**YOUR ASSIGNMENT**
Please write out exactly the lines of the data below from the line holding "Amazon FBA Keyword" through the line holding "Moth reccomend jill", and leave out the rest.

**EXTRACTED INFORMATION**
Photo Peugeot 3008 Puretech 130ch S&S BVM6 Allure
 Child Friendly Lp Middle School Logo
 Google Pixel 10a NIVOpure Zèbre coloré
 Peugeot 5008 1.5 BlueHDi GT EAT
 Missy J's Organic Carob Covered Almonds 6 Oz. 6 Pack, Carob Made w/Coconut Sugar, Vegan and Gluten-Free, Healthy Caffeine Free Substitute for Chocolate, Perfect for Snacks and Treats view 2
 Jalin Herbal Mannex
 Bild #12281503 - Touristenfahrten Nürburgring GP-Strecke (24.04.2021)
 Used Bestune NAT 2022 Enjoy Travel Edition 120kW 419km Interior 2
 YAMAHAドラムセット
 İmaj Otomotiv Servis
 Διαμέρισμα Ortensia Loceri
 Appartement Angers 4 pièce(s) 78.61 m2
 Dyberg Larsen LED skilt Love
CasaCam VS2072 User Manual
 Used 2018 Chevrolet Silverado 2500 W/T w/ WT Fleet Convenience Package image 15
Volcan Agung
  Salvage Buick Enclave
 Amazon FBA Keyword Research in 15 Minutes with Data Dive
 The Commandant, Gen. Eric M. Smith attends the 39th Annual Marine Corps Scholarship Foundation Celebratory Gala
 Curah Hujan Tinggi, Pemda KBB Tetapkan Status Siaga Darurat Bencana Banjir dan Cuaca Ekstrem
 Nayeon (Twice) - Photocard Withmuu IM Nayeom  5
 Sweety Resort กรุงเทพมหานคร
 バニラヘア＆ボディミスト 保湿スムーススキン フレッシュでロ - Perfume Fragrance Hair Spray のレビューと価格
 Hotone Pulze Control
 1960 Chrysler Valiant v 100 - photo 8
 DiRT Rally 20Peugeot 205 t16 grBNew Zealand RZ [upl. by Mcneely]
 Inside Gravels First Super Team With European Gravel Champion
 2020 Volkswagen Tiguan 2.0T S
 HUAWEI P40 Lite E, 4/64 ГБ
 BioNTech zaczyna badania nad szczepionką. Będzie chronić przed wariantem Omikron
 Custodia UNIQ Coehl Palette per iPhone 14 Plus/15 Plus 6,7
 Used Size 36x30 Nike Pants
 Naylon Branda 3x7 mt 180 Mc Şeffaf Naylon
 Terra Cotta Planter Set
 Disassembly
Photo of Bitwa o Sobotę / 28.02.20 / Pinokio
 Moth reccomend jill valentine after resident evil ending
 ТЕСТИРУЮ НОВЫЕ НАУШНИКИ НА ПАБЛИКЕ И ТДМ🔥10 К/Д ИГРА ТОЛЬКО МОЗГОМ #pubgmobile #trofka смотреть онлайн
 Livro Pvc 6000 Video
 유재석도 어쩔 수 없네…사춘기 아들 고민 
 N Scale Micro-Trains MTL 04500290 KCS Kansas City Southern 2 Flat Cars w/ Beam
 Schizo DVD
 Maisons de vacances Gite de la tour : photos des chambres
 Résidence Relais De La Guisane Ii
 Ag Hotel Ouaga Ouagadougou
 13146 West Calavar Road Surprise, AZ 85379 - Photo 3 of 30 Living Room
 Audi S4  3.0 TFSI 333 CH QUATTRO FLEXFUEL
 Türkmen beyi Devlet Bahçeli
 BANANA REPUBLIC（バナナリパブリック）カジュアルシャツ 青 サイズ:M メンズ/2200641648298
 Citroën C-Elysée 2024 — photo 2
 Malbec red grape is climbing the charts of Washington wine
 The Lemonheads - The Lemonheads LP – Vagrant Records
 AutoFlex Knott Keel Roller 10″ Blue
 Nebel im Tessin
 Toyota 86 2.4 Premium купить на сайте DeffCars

**TASK SOLUTION**
 Amazon FBA Keyword Research in 15 Minutes with Data Dive
 The Commandant, Gen. Eric M. Smith attends the 39th Annual Marine Corps Scholarship Foundation Celebratory Gala
 Curah Hujan Tinggi, Pemda KBB Tetapkan Status Siaga Darurat Bencana Banjir dan Cuaca Ekstrem
 Nayeon (Twice) - Photocard Withmuu IM Nayeom  5
 Sweety Resort กรุงเทพมหานคร
 バニラヘア＆ボディミスト 保湿スムーススキン フレッシュでロ - Perfume Fragrance Hair Spray のレビューと価格
 Hotone Pulze Control
 1960 Chrysler Valiant v 100 - photo 8
 DiRT Rally 20Peugeot 205 t16 grBNew Zealand RZ [upl. by Mcneely]
 Inside Gravels First Super Team With European Gravel Champion
 2020 Volkswagen Tiguan 2.0T S
 HUAWEI P40 Lite E, 4/64 ГБ
 BioNTech zaczyna badania nad szczepionką. Będzie chronić przed wariantem Omikron
 Custodia UNIQ Coehl Palette per iPhone 14 Plus/15 Plus 6,7
 Used Size 36x30 Nike Pants
 Naylon Branda 3x7 mt 180 Mc Şeffaf Naylon
 Terra Cotta Planter Set
 Disassembly
Photo of Bitwa o Sobotę / 28.02.20 / Pinokio
 Moth reccomend jill valentine after resident evil ending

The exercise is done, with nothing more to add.